The key to effective ground-mounted vertical antenna is radials. While conventional AM broadcast practice is to use 120 1/2 wave radials, you don't need nearly that many to have an effective antenna. My shunt-fed 15m tall tower works just fine with 30 radials. None of these radials approaches 1/2 wave on 160m. Most are slightly less than 1/4 wave on 80m.

Even if they aren't very long, and don't come close to a hundred, it's a lot of wire to lay down. My vertical has about 2,000 feet of wire down today, and I'm looking to add about 1,000 more before the fall. It helps to have a system for laying them down.

The technique is very simple. The wire is laid on the ground, and the grass grows over it. After a few months, you will be hard-pressed to find the wire, or pull it up, even if you wanted to.

Start off by mowing the grass. You want this cut to be as short as you can make it without hurting the grass. Shorter grass will also make it a little easier to lay the wire.
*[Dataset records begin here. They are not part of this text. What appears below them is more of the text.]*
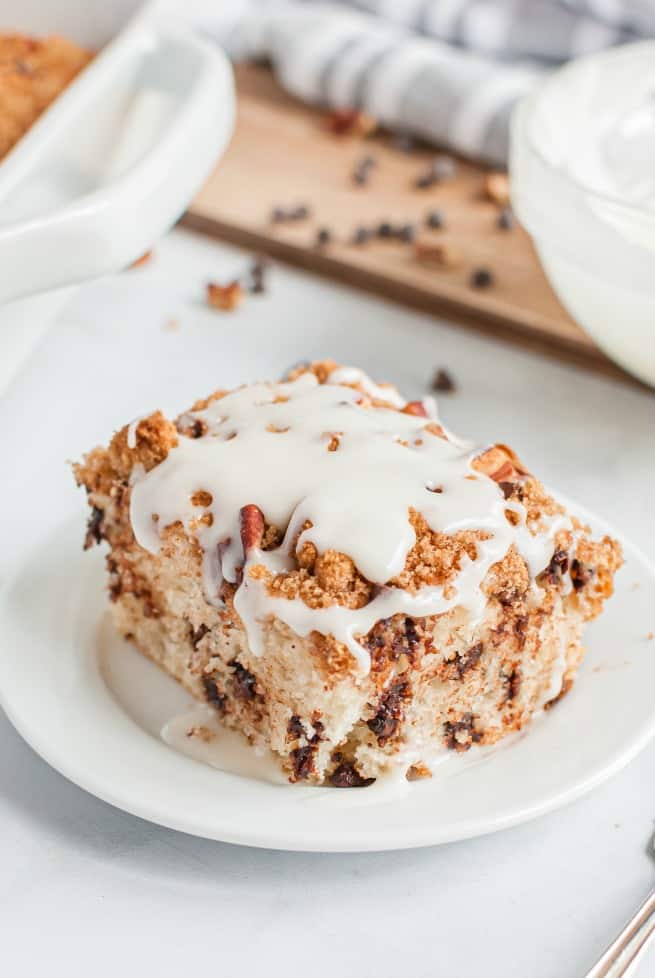 Slice of vanilla glazed Chocolate Chip Cake on a white plate.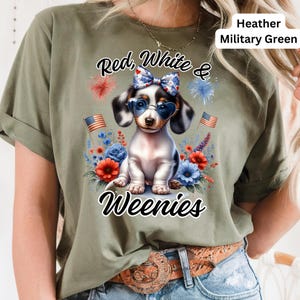 May include: Heather military green t-shirt featuring a patriotic dachshund wearing heart-shaped sunglasses and a bow. The shirt has the text "Red, White & Weenies" with floral and firework accents. Two American flags are also visible.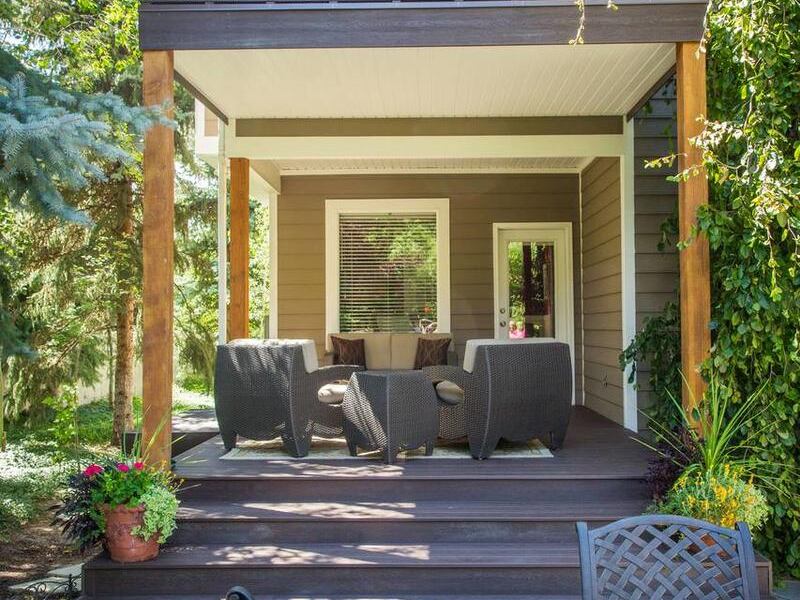 This wooden deck below the balcony adds charm and a beautiful, functional outdoor living space.
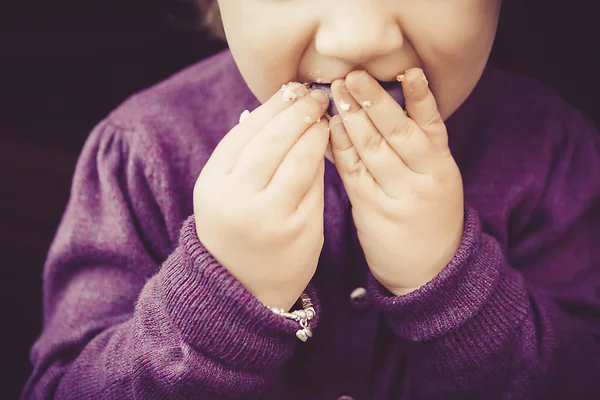 Linda niña comiendo macarrones dulces con el dedo sucio — Foto de Stock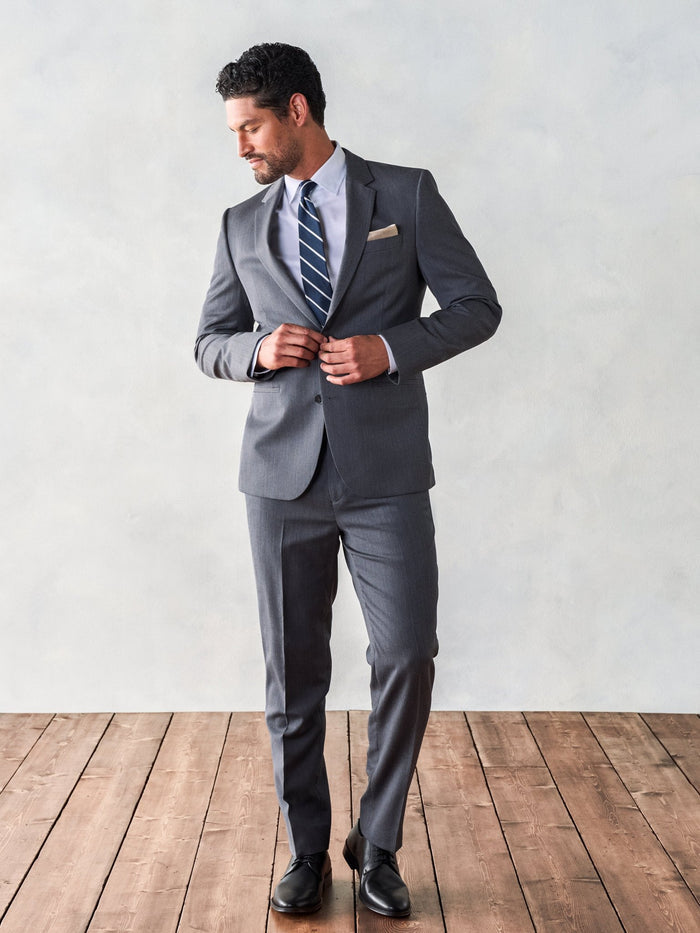 Man in a grey suit with a navy striped tie, buttoning the jacket.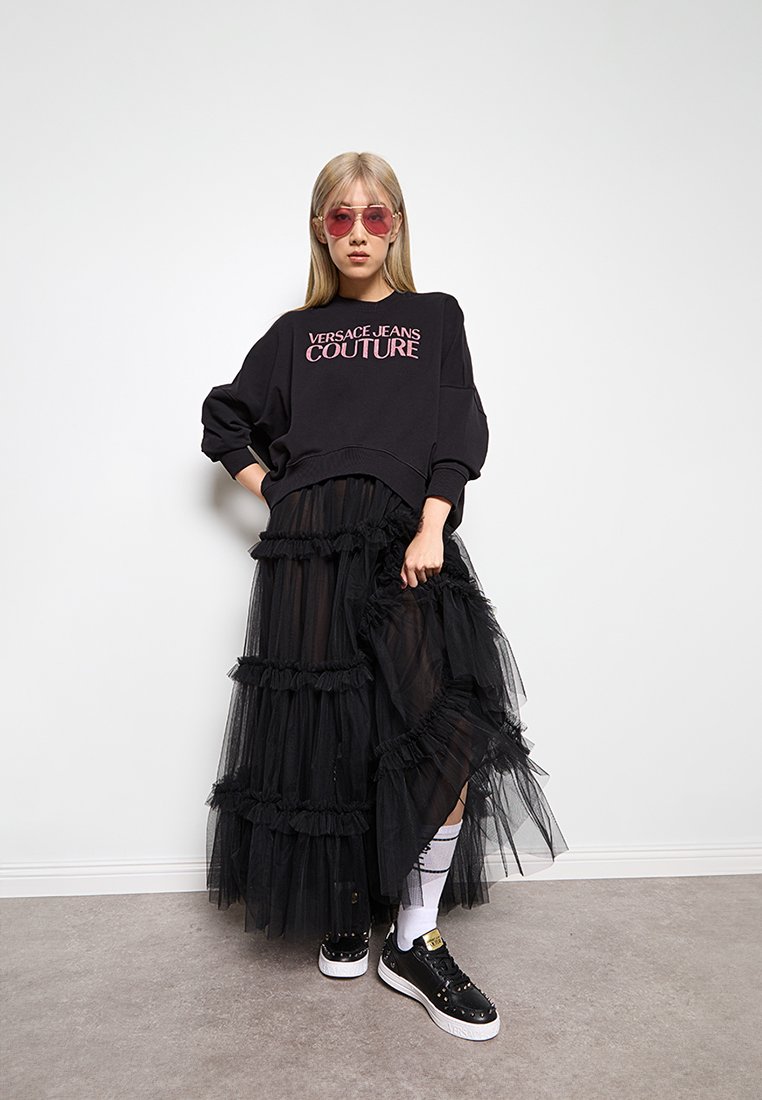Sudadera negra de gran tamaño con el texto "VERSACE JEANS COUTURE", falda de tul negro en capas y zapatillas negras con acentos blancos y tachuelas.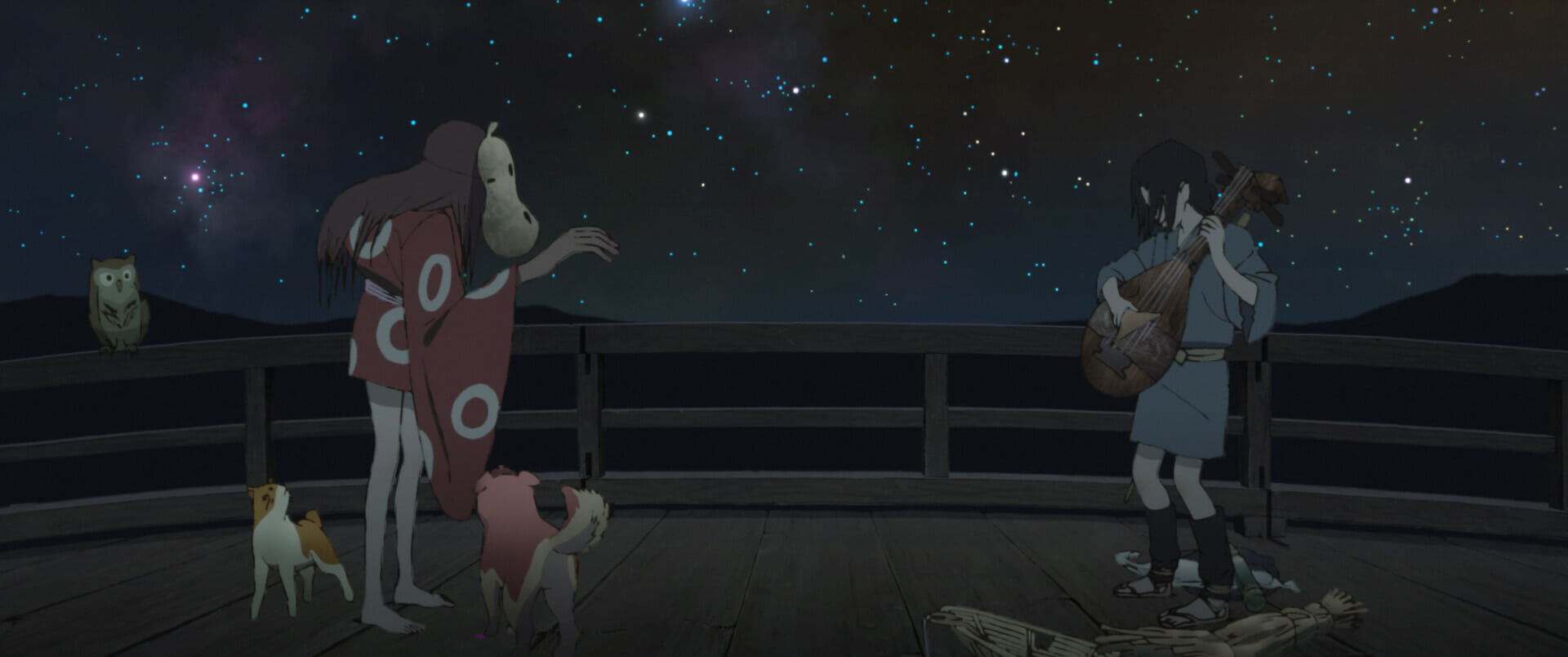 Film still from the animated film Inu-Oh depicting two people, two dogs, and an owl standing outdoors at night.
Copper wire is expensive today, but is most compatible with the soil in most areas of the country. You don't need a heavy gauge. I started with some scrap 12 gauge cotton-covered wire I had. Insulation doesn't matter, and the wire should last longer if insulated. I would recommend 12 or 14 gauge THHN insulated solid house wiring, since it can be bought inexpensively at most home improvement stores. I would not suggest using anything smaller than 16 gauge, as the wire has got to take some abuse being on the ground. Hunt around at hamfests and offer to buy any spool of several hundred feet of wire for a buck or two.

At the base of the antenna, there must be some way to connect the radials. A few companies make expensive jigs for this purpose. I used a piece of 4 gauge copper wire, clamped to the tower legs. I put strips of stainless steel between the wire and the tower legs, to avoid dissimilar metals corrosion of the zinc plating. I then solder the radials to the wire ring using a 240 watt soldering gun. A little work with fine sandpaper makes this job go faster, as the copper wire has a thick layer of oxidation from being outside.

Once you've connected the radial to the base of the vertical, simply lay it out along the ground. As the ground is never perfectly flat, don't try to stretch the wire. Remember, we want to be able to mow over the wire. Stretching it will make it pop up in the low places along the ground.

To keep the wire close to the ground, so the grass will grow over it, I use a series of short clips. These are 3-3 1/2" pieces of 14-12 gauge wire bent into a U. You just fit them over the wire and press into the ground. You don't want to make them much more than 3 1/2", because they will bend when you try to push them in. You can generally do this by hand, but after putting in a few dozen clips, it will tend to hurt your thumb. I try to grab the clips with a pair of lineman's pliers and push them into the ground.

I generally walk along the wire heading away from the antenna, pushing the radial down with my foot and then adding a clip. If the soil is really dry, you may have trouble inserting the clips. In that case, you can wait for a good rain, or gently water the path of the radial. You'll need about one clip every 3-6 feet, so that's a few hundred clips if you are laying down 1,000 feet of wire. I built a little jig to make the bending process easier and more consistent.

For the next several days, it is good to inspect the radials to make sure kids or critters haven't pulled a wire up. I suggest not mowing for a few weeks. When you do, use the highest setting of the mower until the wire is clearly captured by the grass.

Radials definitely improve the performance of a vertical. Put down as much wire as you can, and you'll be pleased with the results.


  1. This is exactly what I'll be doing this weekend! Hoping to eventually feed my feedline & dipole as a T on 160.
    John AE5X

  2. Kids who REALLY want to pull them up WILL pull them up. Believe me.